This is a summary of "Systematic Extreme Downside Risk," by Richard D. F. Harris, Linh H. Nguyen, and Evarist Stoja, published in the Journal of International Financial Markets, Institutions & Money.
The authors propose two new systematic tail risk measures that they recommend investment managers factor into asset pricing: the tendency of an asset to crash simultaneously with market crashes and the impact of hedging mechanisms to protect against downside risk of an asset.
What Is the Investment Issue?
“The turbulence of financial markets over the last few decades has highlighted the importance of tail risk for asset pricing.”
If an asset performs well during market crashes, investors are willing to pay a premium because it will yield high returns when investors’ wealth is low. Alternatively, assets that tend to crash simultaneously with the market are risky, and investors demand higher risk premiums to hold them. Similarly, if investors are able to hedge against extreme downside risk, they will be willing to pay a premium for the hedge asset—that is, a price discount.

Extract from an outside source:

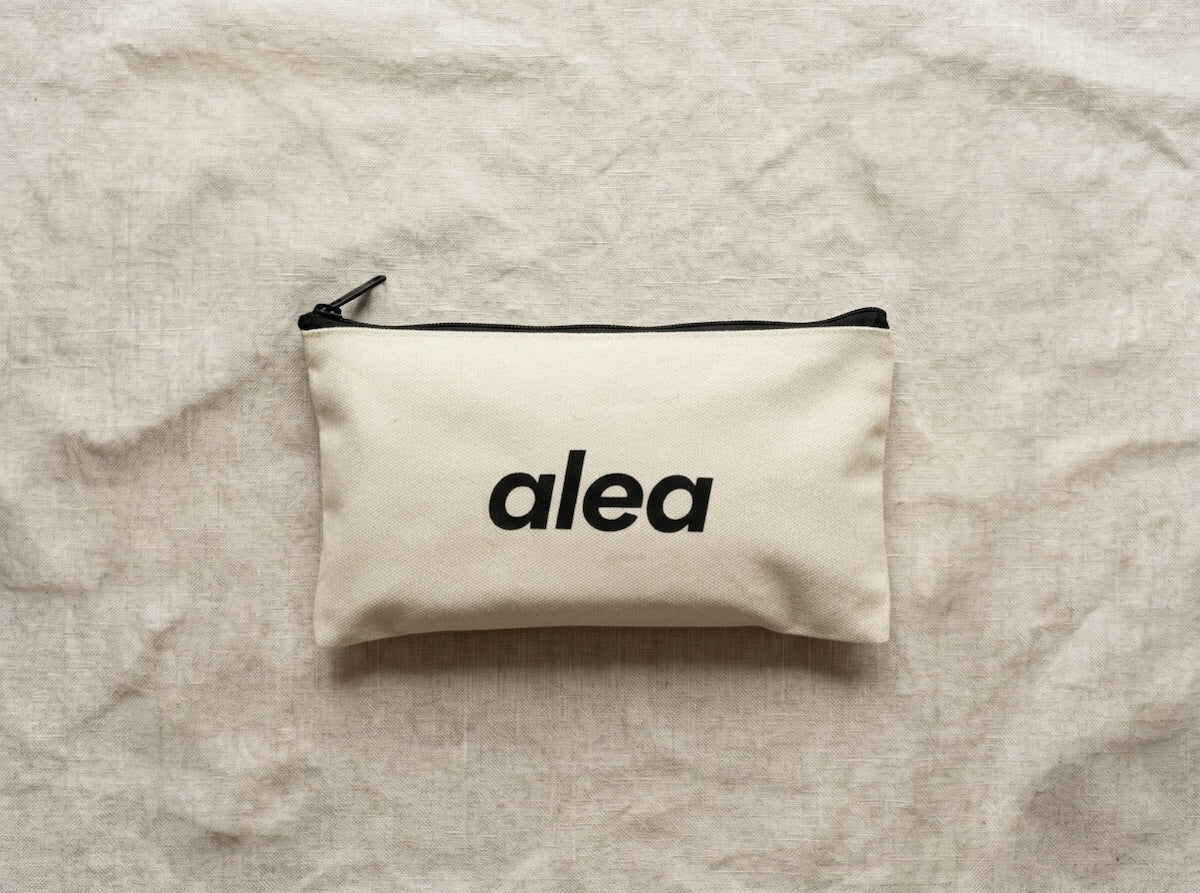 Alea Cotton Travel Pouch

The authors thus propose two new systematic tail risk measures for determining the appropriate tail risk premium for investors that have significant power to predict future returns. The first measure is the propensity of an asset to crash simultaneously with the market: extreme downside correlation (EDC). The second measure incorporates the sensitivity of stock returns to hedging mechanisms against extreme downside risk: extreme downside hedge (EDH). The authors carry out the study after controlling for other measures of downside risk, such as downside beta, co-skewness, and co-kurtosis.
How Did the Authors Conduct This Research?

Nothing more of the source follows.